Doch der Inhalt ist eindeutig, klar, bestimmend. Der Innenverteidiger positioniert sich innerhalb der Weltmeister-Mannschaft als Anführer. "Boss Boateng" nennt ihn der Boulevard - häufig ist der 29-Jährige derjenige, der Missstände und Nachlässigkeiten am kritischsten anspricht.

Nach dem 1:1 (1:1) gegen Spanien beispielsweise arbeitete er leise und ohne Mienenspiel eine lange Liste weltmeisterlicher Unzulänglichkeiten ab. "Wir wollen im Sommer erfolgreich sein, da müssen wir solche Dinge ganz klar ansprechen", erklärte er am Montag während der Pressekonferenz: "Das ist besser, als sie verstreichen zu lassen, und dann gucken wir uns alle blöd an, wenn es drauf ankommt."

Kindheitstraum geht in Erfüllung

Er blickte dabei ungerührt durch seine Rundbrille mit goldenem Rand, die Ohrstecker funkelten. An ihm ist wahrlich ein Hip-Hopper verlorengegangen. Andererseits war er bei der Berlinale mit Frack und Fliege geschniegelt, als wollte er sich seinen Oscar abholen. Boateng kann viele Rollen spielen - stets im perfekten Dress.

Am Dienstag (20:45 Uhr) wird er allerdings mit ganz besonderem Vergnügen ins Rampenlicht treten. "Ich habe als kleines Kind schon davon geträumt, im Olympiastadion gegen Brasilien zu spielen", berichtete er: "Ich freue mich riesig."

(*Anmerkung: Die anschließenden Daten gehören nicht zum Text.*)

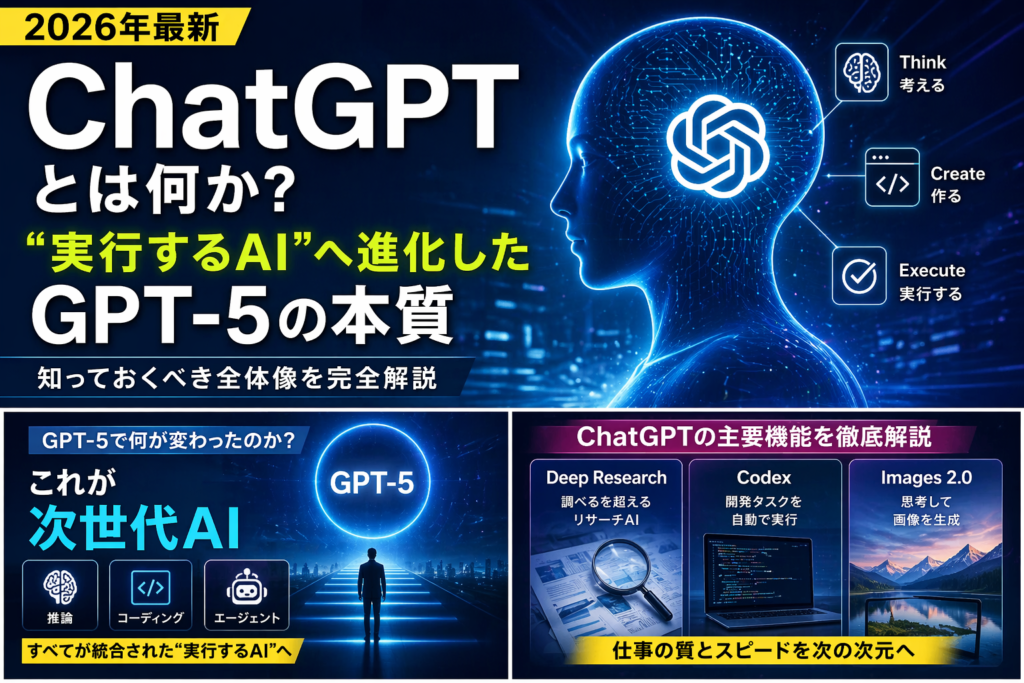 ChatGPTとは何かを示す図 2026年 GPT-5により実行するAIへ進化した概念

Vom Druck, der ihn einst belastete, hat er sich befreit. Er sei souveräner, solider, ruhiger, ausgeglichener geworden: "Das liegt auch am Privatleben mit meinen Kindern. Das verändert ein Leben schon sehr." Die Zwillinge Lamia und Soley sind inzwischen sieben Jahre alt, er nennt sie seine Engel: "Sie sind der Segen meines Lebens."

Boateng will "noch besser werden"

An Skandälchen des Nachtlebens wie früher ist daher überhaupt nicht mehr zu denken. Boatengs Versuchung ist der Erfolg. Er hat aus seinem früheren Hang zur Sorglosigkeit eine Besessenheit entwickelt, die ihn immer weiter vorantreibt.

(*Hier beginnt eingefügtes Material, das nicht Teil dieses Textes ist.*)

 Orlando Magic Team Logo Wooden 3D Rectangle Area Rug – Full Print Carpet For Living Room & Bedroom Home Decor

Das 7:1 gegen Brasilien im WM-Halbfinale habe er nie wieder angeschaut, beteuert er, denn er wolle nach vorne sehen, "noch besser werden". Das Gegentor beim Stande von 7:0 (!) hingegen ist ihm in fieser Erinnerung: Es hat ihn furchtbar geärgert.

Gewachsen ist Jérôme Boateng auf Beton. Entwickelt hat er sich auf dem Rasen - und auch daneben.